Segment Start: MATERIAL PROVIDED
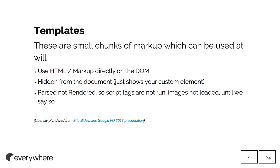So templates. You can use HTML and markup directly on the DOM. They're hidden from the document. They just show as a custom element, like an Ember London tag, and that's all it shows.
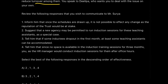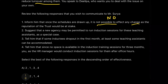Statement one: inform him that once schedules are drawn up, it is not possible to make any change, as the reputation of the trust would be at stake. This is a simple 'no.' Statement two: suggest a new agency may be permitted to run the induction sessions for these teaching assistants only — a special case. Since our schedule is packed, we can hire a new agency to do that. This sounds quite logical and doesn't negatively affect you or the company.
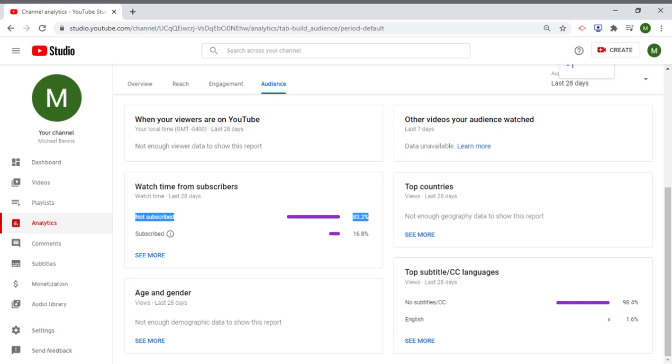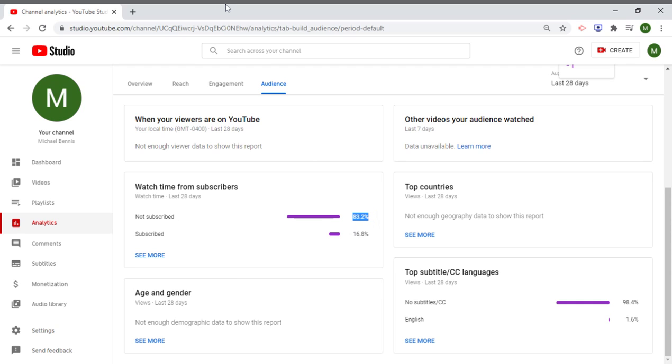So all you guys have to do to make me feel that much better is hit the subscribe button, because I work so hard to put out these videos for you guys, and it just makes me feel sad that 83% of you guys aren't subscribed to my channel.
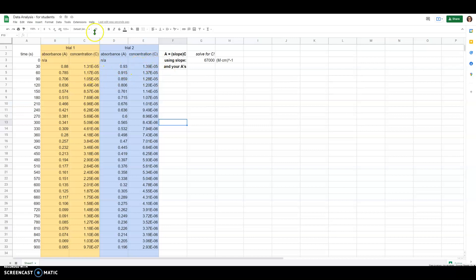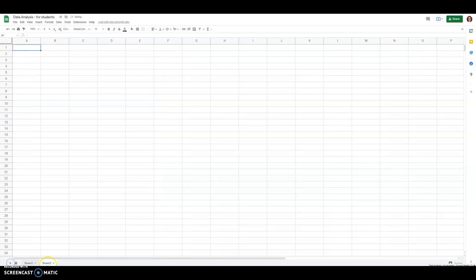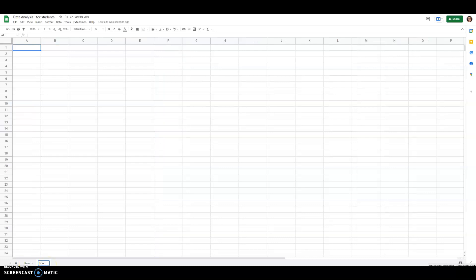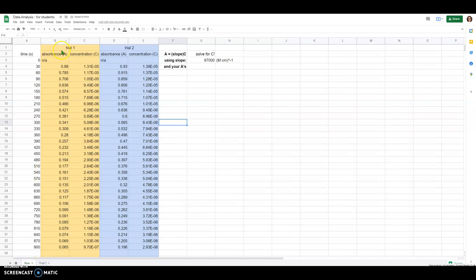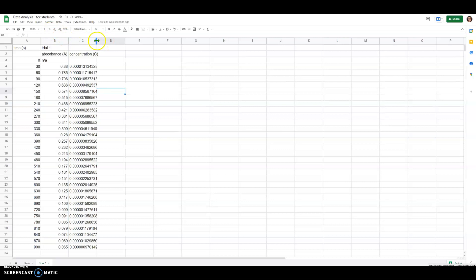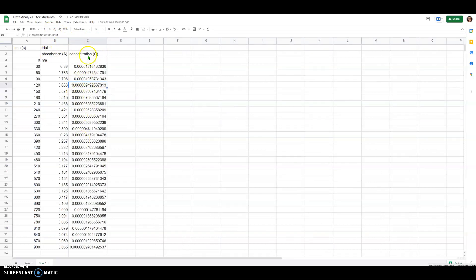Now that we have all the concentrations calculated, it's time to start working on the graphs. I'm going to make a new sheet — I'll label this first sheet 'raw data' and on the next sheet I'll name it 'trial one.' For the trial one data, I'll copy out the time, absorbance, and concentration values, and use Paste Special to paste the values only. I lost my number formatting, but that's okay — it doesn't need to look pretty.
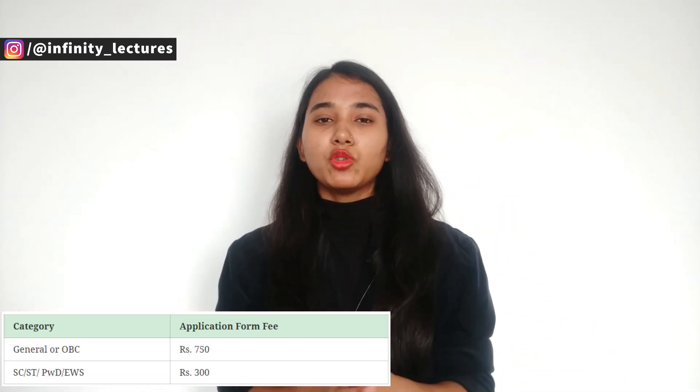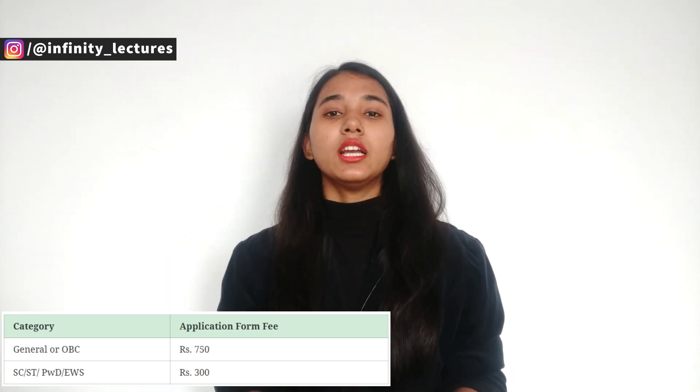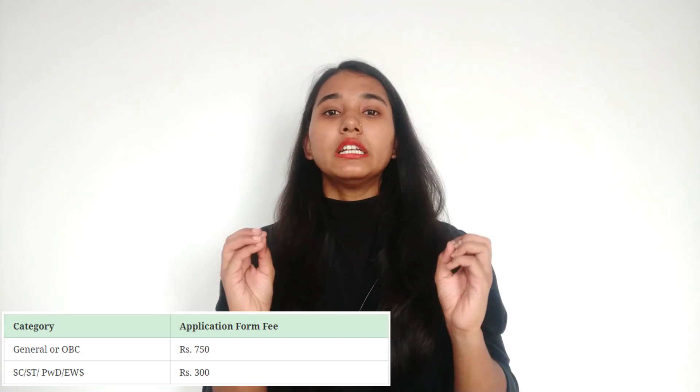Now let's talk about the application. If you want to give the DUJet examination, you can apply in online mode only — there is no offline option. This is a two-step process: first, you register with basic details; then after registration with your email and password, you log in and fill the main form, followed by payment. The application fee is ₹750 for General and OBC candidates, and ₹300 for SC/ST and PWD candidates.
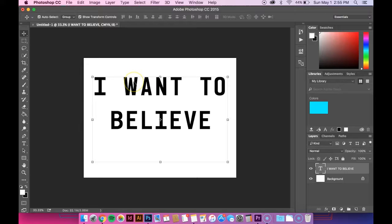So anyways, type what you want, pick whatever typeface you want it to be. Resize it, all that stuff.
Segment End: MATERIAL PROVIDED
→ PROBLEM DETAILS: The copy you produce must match the entries above exactly, except that it has no pictures.

→ FINISHED EXERCISE:
So templates. You can use HTML and markup directly on the DOM. They're hidden from the document. They just show as a custom element, like an Ember London tag, and that's all it shows.
Statement one: inform him that once schedules are drawn up, it is not possible to make any change, as the reputation of the trust would be at stake. This is a simple 'no.' Statement two: suggest a new agency may be permitted to run the induction sessions for these teaching assistants only — a special case. Since our schedule is packed, we can hire a new agency to do that. This sounds quite logical and doesn't negatively affect you or the company.
So all you guys have to do to make me feel that much better is hit the subscribe button, because I work so hard to put out these videos for you guys, and it just makes me feel sad that 83% of you guys aren't subscribed to my channel.
Now that we have all the concentrations calculated, it's time to start working on the graphs. I'm going to make a new sheet — I'll label this first sheet 'raw data' and on the next sheet I'll name it 'trial one.' For the trial one data, I'll copy out the time, absorbance, and concentration values, and use Paste Special to paste the values only. I lost my number formatting, but that's okay — it doesn't need to look pretty.
Now let's talk about the application. If you want to give the DUJet examination, you can apply in online mode only — there is no offline option. This is a two-step process: first, you register with basic details; then after registration with your email and password, you log in and fill the main form, followed by payment. The application fee is ₹750 for General and OBC candidates, and ₹300 for SC/ST and PWD candidates.
So anyways, type what you want, pick whatever typeface you want it to be. Resize it, all that stuff.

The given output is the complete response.